10 loops, best of 3: 2.33e+005 usec per loop

Specs: Python 2.4, Windows 2000, 1.4GHz Athlon chip, 768Mb of memory.

Background: There was/is a very recent thread about ways of removing
all instances of x from a list. /F proposed a list comprehension to
build the result list. Given a requirement to mutate the original list,
this necessitates the assignment to lst[:]. I tried a generator
expression as well. However while the listcomp stayed competitive up to
a million-element list, the genexp went into outer space, taking about
20 times as long. The above timeit runs show a simpler scenario where
the genexp also seems to be going quadratic.
Comments, clues, ... please.

TIA,
John

Jul 18 '05 #1
10 1913
John Machin wrote:
Given a requirement to mutate the original list, this necessitates the assignment
to lst[:].


do you always pull requirements out of thin air?

</F>

Jul 18 '05 #2
John Machin wrote:
Background: There was/is a very recent thread about ways of removing
all instances of x from a list. /F proposed a list comprehension to
build the result list. Given a requirement to mutate the original list,
this necessitates the assignment to lst[:]. I tried a generator
expression as well. However while the listcomp stayed competitive up to
a million-element list, the genexp went into outer space, taking about
20 times as long. The above timeit runs show a simpler scenario where
the genexp also seems to be going quadratic.
Comments, clues, ... please.


Py> lc = [x for x in range(100)]
Py> len(lc)
100
Py> ge = (x for x in range(100))
Py> len(ge)
Traceback (most recent call last):
File "<stdin>", line 1, in ?
TypeError: len() of unsized object

It would be nice if unconditional ge's with known length inputs propagated
__len__, but that is not currently the case. There's a similar performance
glitch associated with constructing a tuple from a generator expression (with
vanilla 2.4, detouring via list is actually faster)

Cheers,
Nick.

--
Nick Coghlan | nc******@email. com | Brisbane, Australia
---------------------------------------------------------------
http://boredomandlaziness.skystorm.net
Jul 18 '05 #3

Fredrik Lundh wrote:
John Machin wrote:
Given a requirement to mutate the original list, this necessitates the assignment to lst[:].
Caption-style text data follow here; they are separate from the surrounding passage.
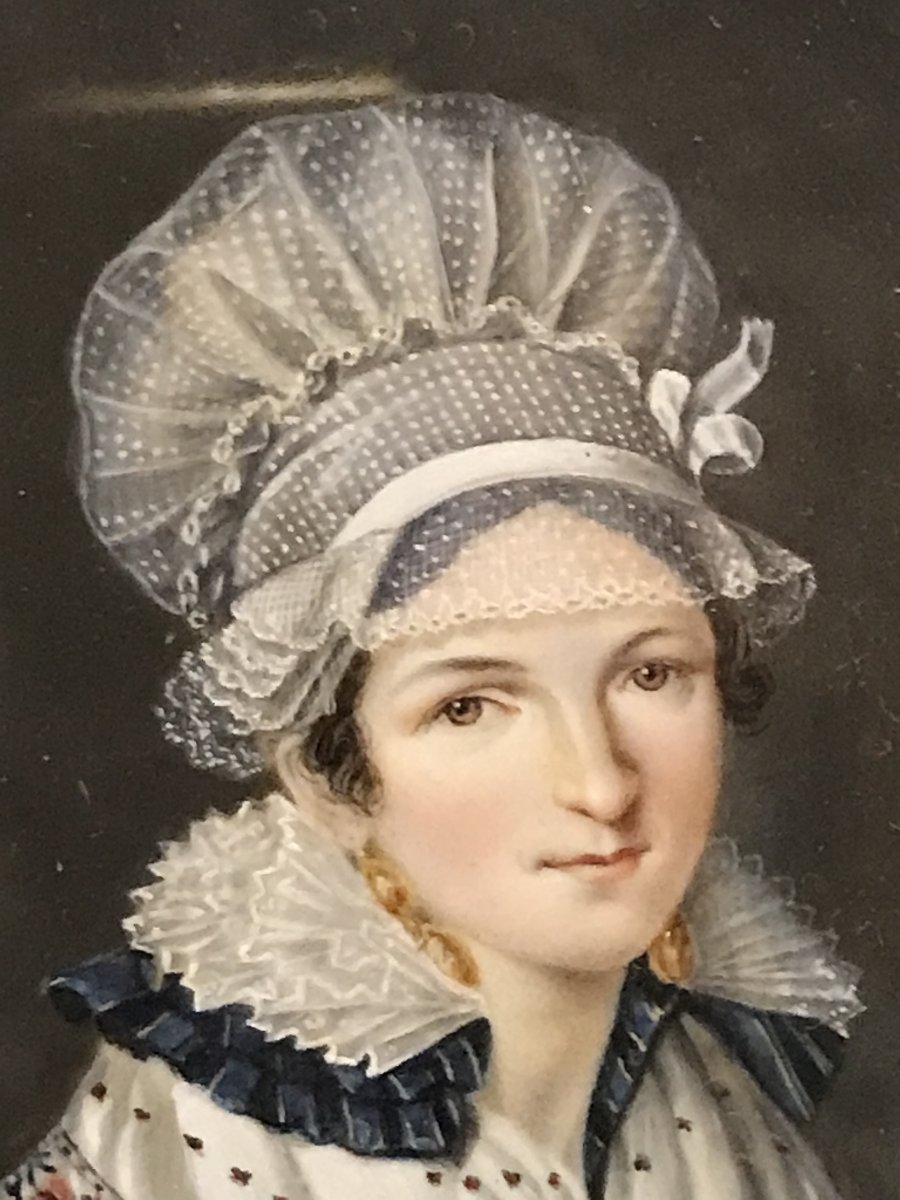Portrait miniature d'une élégante vers 1830 signé Mlle Eugénie BEAUFILS de la RANCHERAYE -photo-3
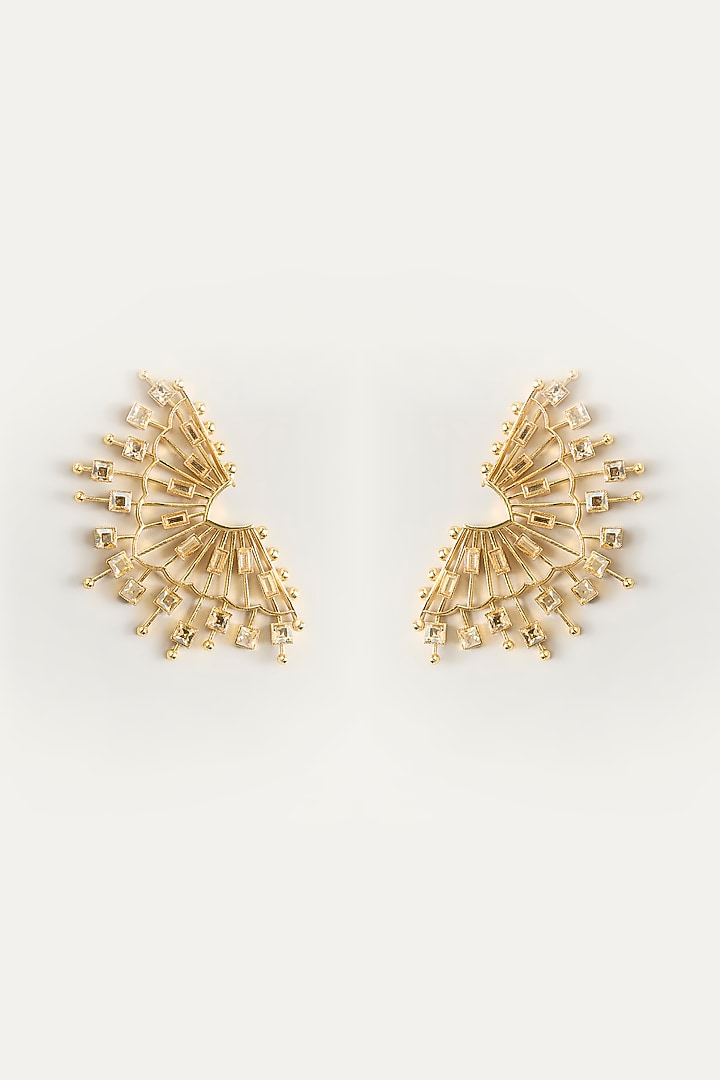 Gold Finish Gold Stone Statement Earrings by ESME at Pernia's Pop Up Shop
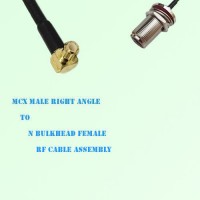 MCX Male Right Angle to N Bulkhead Female RF Cable Assembly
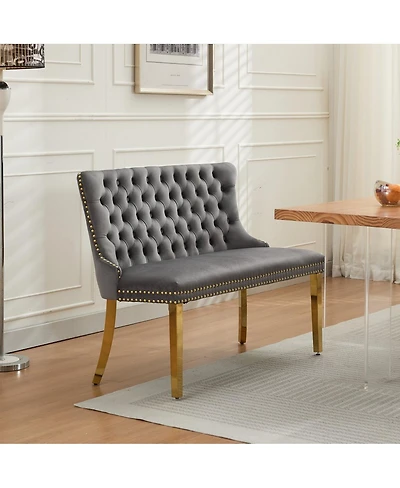 Streamdale Furniture Velvet Double Dining Loveseat Bench, 2-Seat Tufted Bench w/Gold Legs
do you always pull requirements out of thin air?

</F>


I was interested in doing a fair comparison between all the proposed
methods of deleting multiple occurrences from a list, and as the
majority were permuting the list in place, I shoe-horned the listcomp
and genexp methods into the same mould. If you choose to describe that
as pulling requirements out of thin air, feel free.

Do you have any suggestions as to why a generator expression would
perform much worse than the equivalent list comprehension?

[OT]
Anyway, I don't have time for chit-chat right now. My wife got a
digital camera for Xmas and dumped a whole bunch of 5 megapixel JPEGs
on me and I'm in the middle of writing a quick script to resize them,
using some imaging library I just downloaded off the web, written by
some grumpy PILlock from Sweden, evidently :-)

Cheers,
John

Jul 18 '05 #4
"John Machin" <sj******@lexic on.net> wrote in message
news:11******** *************@c 13g2000cwb.goog legroups.com...
Please consider the timings below, where a generator expression starts
out slower than the equivalent list comprehension, and gets worse:
python -m timeit -s "orig=range(100 000)" "lst=orig[:];lst[:]=(x for x in orig)"

. . .
python -m timeit -s "orig=range(200 000)" "lst=orig[:];lst[:]=(x for x

in orig)"


This has nothing to do with genexps and everything to do with list slice
assignment.

List slice assignment is an example of a tool with a special case optimization
for inputs that know their own length -- that enables the tool to pre-allocate
its result rather than growing and resizing in spurts. Other such tools include
tuple(), map() and zip().

The incredulous tone of the posting suggests a presumption that genexps always
outperform list comps. That is not the case. Sometimes you want a list instead
of a generator because you want more than just iteration; perhaps the consumer
function may be able to take advantage of length reporting, indexing, slicing,
re-iterability or other useful list behaviors.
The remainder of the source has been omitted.